È inevitabile, però, che nuovi processi digitali determinino nuove riflessioni in termini di conformità alla normativa privacy. Illustra ancora il legale: “Pensiamo alle questioni che si pongono in riferimento all’uso degli algoritmi, su cui il Garante è anche recentemente dovuto intervenire, avendo ravvisato che alcune aziende sanitarie trattavano i dati inseriti in sistemi basati sull’intelligenza artificiale senza una idonea base normativa, non fornendo agli interessati tutte le informazioni necessarie (in particolare sulle modalità e finalità del trattamento) e senza aver effettuato preliminarmente la valutazione d’impatto”.

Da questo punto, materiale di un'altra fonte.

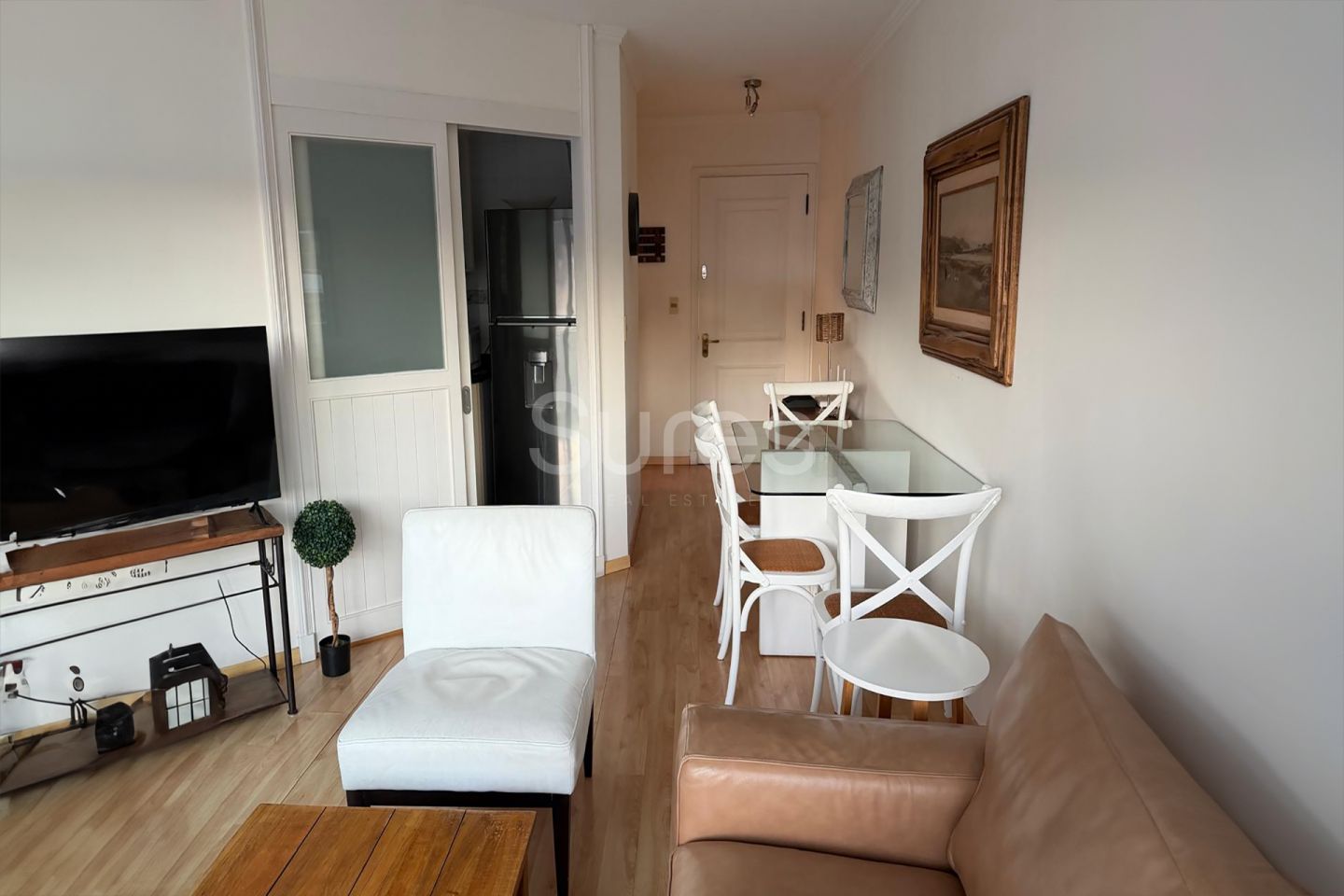 Alquiler de apartamento de 1 dormitorio amoblado en Pocitos, Montevideo · Foto 4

I costi legati alla sicurezza informatica sono ampiamente giustificati e ripagati dai benefici che ne derivano in termini di qualità delle cure
Da non sottovalutare poi il duplice, urgente tema della consultazione dei dati digitalizzati e delle problematiche legate al rischio dei cyber attacchi in sanità. “Nel primo caso, il Garante ha stigmatizzato ipotesi in cui era stato consentito l’accesso al dossier sanitario da parte di personale non coinvolto nel processo di cura del paziente. In rimando alle criticità rappresentate dal pericolo di attacchi informatici (ransomware, phishing o data breach), queste comportano la necessità di un impegno di risorse e competenze indispensabili a mettere al sicuro i sistemi. La carta, sotto questo profilo, è solo apparentemente meno rischiosa”, ammette ancora l’avvocato Chiarini. Fermamente convinto che “l’interoperabilità e l’accesso diffuso ai dati sanitari, che solo il supporto digitale può consentire, migliorano i processi diagnostici, terapeutici e assistenziali, garantendo livelli qualitativi superiori e diminuendo la possibilità di eventi avversi. Di fatto, i costi legati alla sicurezza informatica sono ampiamente giustificati e ripagati dai benefici che ne derivano in termini di qualità delle cure”.